Collected data entries:
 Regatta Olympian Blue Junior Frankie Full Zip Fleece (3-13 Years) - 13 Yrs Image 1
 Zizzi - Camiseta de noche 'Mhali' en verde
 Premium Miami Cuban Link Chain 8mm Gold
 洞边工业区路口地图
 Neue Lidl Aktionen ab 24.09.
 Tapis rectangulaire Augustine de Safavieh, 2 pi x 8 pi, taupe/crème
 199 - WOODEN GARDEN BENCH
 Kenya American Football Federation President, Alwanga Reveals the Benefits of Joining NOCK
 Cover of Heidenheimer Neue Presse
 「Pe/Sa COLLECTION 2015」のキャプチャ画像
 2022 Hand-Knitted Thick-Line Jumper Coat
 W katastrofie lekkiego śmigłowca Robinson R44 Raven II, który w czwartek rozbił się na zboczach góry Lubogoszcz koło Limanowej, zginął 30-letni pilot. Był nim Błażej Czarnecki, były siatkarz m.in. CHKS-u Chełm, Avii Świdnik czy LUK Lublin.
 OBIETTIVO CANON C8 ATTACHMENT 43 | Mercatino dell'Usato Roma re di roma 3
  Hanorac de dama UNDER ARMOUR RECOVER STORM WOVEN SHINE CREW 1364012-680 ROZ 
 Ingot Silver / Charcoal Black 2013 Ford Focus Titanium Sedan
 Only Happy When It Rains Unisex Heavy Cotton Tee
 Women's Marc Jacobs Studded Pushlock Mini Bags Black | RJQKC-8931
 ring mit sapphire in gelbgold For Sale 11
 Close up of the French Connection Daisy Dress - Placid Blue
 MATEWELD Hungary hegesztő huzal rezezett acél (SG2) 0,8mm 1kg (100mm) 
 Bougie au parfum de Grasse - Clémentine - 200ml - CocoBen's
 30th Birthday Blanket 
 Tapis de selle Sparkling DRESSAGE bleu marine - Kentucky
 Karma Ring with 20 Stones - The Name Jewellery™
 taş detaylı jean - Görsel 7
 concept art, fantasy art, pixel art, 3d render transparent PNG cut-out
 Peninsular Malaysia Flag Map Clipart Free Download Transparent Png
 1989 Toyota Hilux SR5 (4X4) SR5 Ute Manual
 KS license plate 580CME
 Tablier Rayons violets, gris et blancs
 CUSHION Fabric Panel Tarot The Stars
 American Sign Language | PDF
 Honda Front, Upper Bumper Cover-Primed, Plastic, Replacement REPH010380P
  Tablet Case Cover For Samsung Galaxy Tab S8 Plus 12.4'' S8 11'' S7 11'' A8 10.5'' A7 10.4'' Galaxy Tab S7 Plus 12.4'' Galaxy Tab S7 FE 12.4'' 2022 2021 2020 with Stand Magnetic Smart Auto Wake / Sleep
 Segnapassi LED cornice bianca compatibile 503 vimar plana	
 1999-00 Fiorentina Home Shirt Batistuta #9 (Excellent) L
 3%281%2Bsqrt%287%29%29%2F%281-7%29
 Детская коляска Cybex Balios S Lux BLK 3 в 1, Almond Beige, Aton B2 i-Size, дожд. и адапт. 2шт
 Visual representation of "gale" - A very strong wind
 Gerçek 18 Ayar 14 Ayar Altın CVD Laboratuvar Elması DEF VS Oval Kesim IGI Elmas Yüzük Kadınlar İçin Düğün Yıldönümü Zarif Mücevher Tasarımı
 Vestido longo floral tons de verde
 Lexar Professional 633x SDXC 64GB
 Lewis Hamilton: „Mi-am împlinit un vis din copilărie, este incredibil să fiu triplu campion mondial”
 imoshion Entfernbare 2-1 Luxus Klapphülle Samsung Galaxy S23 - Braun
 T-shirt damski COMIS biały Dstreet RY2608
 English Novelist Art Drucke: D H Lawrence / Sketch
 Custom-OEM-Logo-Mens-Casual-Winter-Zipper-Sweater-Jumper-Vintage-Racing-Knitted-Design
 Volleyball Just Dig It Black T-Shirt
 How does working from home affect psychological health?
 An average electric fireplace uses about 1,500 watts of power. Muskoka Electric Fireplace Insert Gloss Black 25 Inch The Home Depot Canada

## WHAT IS REQUIRED
Only the last part of the entries above is needed: please copy the line with "American Sign Language | PDF" and each line after it exactly.

## EXPECTED ANSWER
 American Sign Language | PDF
 Honda Front, Upper Bumper Cover-Primed, Plastic, Replacement REPH010380P
  Tablet Case Cover For Samsung Galaxy Tab S8 Plus 12.4'' S8 11'' S7 11'' A8 10.5'' A7 10.4'' Galaxy Tab S7 Plus 12.4'' Galaxy Tab S7 FE 12.4'' 2022 2021 2020 with Stand Magnetic Smart Auto Wake / Sleep
 Segnapassi LED cornice bianca compatibile 503 vimar plana	
 1999-00 Fiorentina Home Shirt Batistuta #9 (Excellent) L
 3%281%2Bsqrt%287%29%29%2F%281-7%29
 Детская коляска Cybex Balios S Lux BLK 3 в 1, Almond Beige, Aton B2 i-Size, дожд. и адапт. 2шт
 Visual representation of "gale" - A very strong wind
 Gerçek 18 Ayar 14 Ayar Altın CVD Laboratuvar Elması DEF VS Oval Kesim IGI Elmas Yüzük Kadınlar İçin Düğün Yıldönümü Zarif Mücevher Tasarımı
 Vestido longo floral tons de verde
 Lexar Professional 633x SDXC 64GB
 Lewis Hamilton: „Mi-am împlinit un vis din copilărie, este incredibil să fiu triplu campion mondial”
 imoshion Entfernbare 2-1 Luxus Klapphülle Samsung Galaxy S23 - Braun
 T-shirt damski COMIS biały Dstreet RY2608
 English Novelist Art Drucke: D H Lawrence / Sketch
 Custom-OEM-Logo-Mens-Casual-Winter-Zipper-Sweater-Jumper-Vintage-Racing-Knitted-Design
 Volleyball Just Dig It Black T-Shirt
 How does working from home affect psychological health?
 An average electric fireplace uses about 1,500 watts of power. Muskoka Electric Fireplace Insert Gloss Black 25 Inch The Home Depot Canada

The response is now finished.